** SUPPLIED MATERIAL follows **

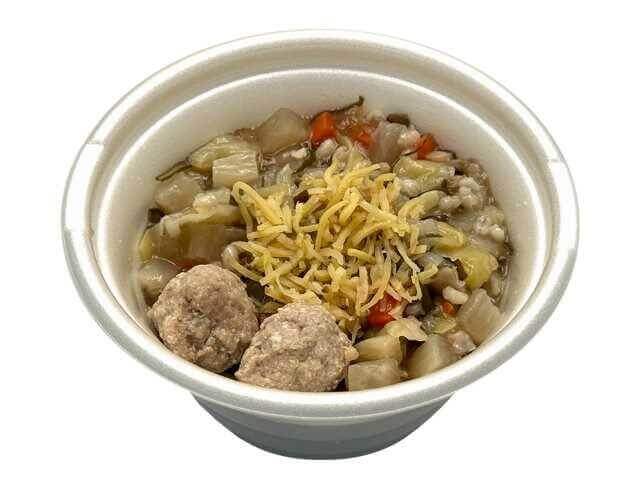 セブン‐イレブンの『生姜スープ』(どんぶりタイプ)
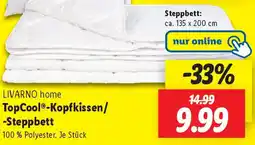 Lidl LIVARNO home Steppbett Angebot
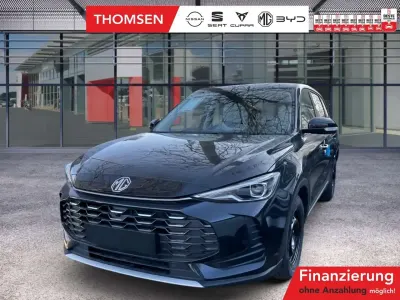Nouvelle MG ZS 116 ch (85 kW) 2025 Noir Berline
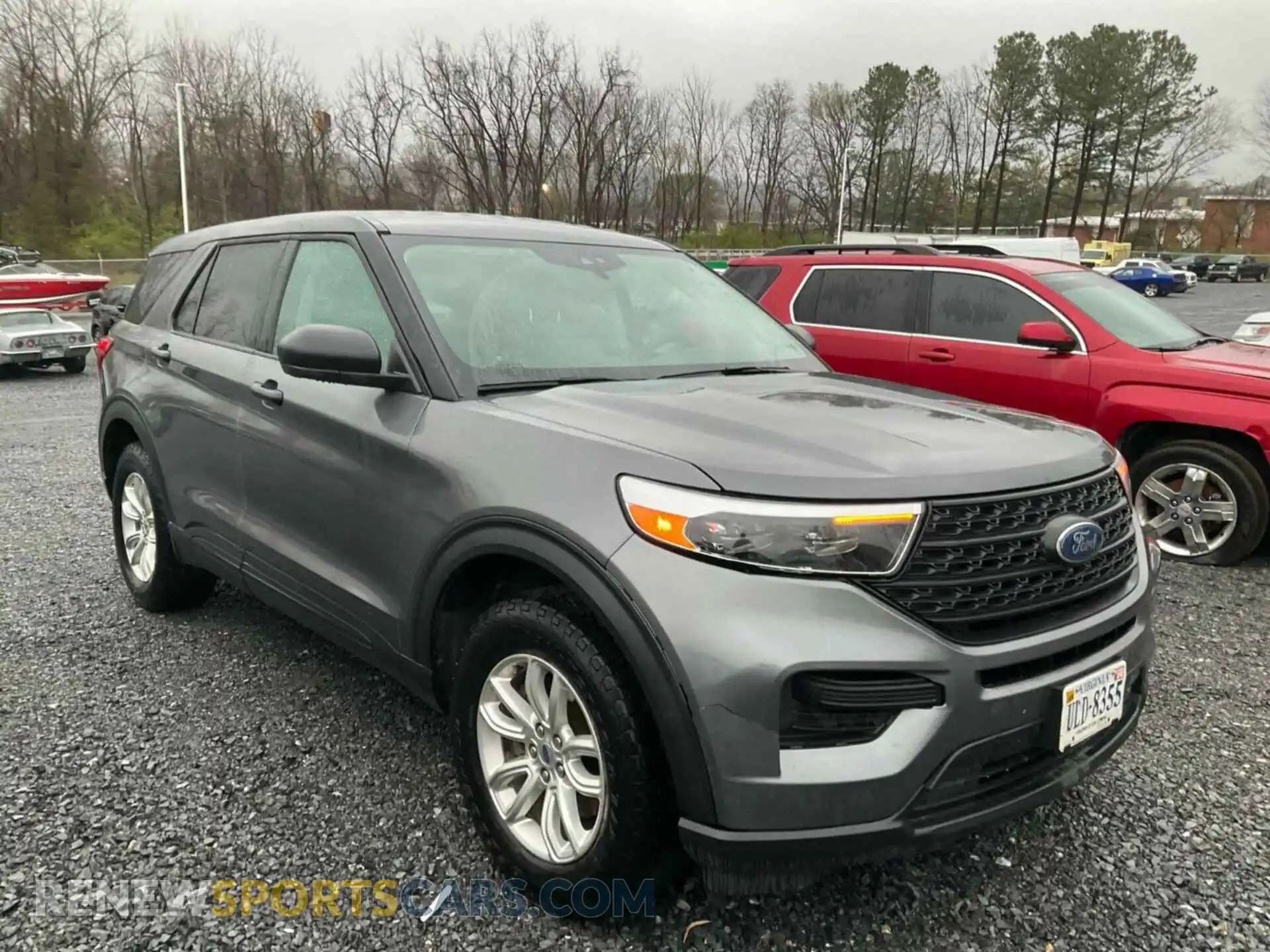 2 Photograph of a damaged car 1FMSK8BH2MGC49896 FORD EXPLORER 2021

** End of SUPPLIED MATERIAL **
** SUPPLIED MATERIAL follows **

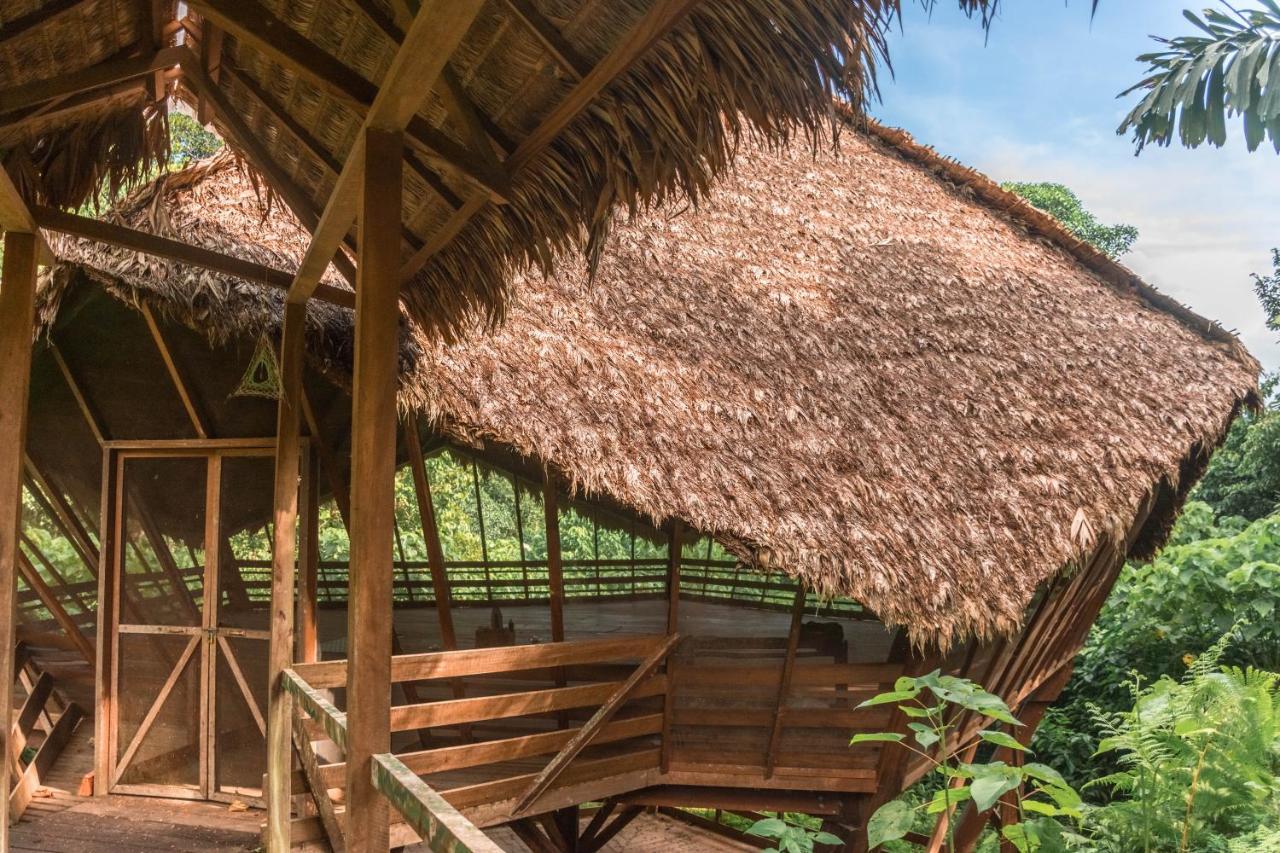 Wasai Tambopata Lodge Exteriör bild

** End of SUPPLIED MATERIAL **

WHAT YOU ARE ASKED TO DO:
With the pictures left out, write out exactly the lines above from the one containing "Lidl LIVARNO home Steppbett Angebot" through the one containing "2 Photograph of".

FINAL ANSWER:
 Lidl LIVARNO home Steppbett Angebot
Nouvelle MG ZS 116 ch (85 kW) 2025 Noir Berline
 2 Photograph of a damaged car 1FMSK8BH2MGC49896 FORD EXPLORER 2021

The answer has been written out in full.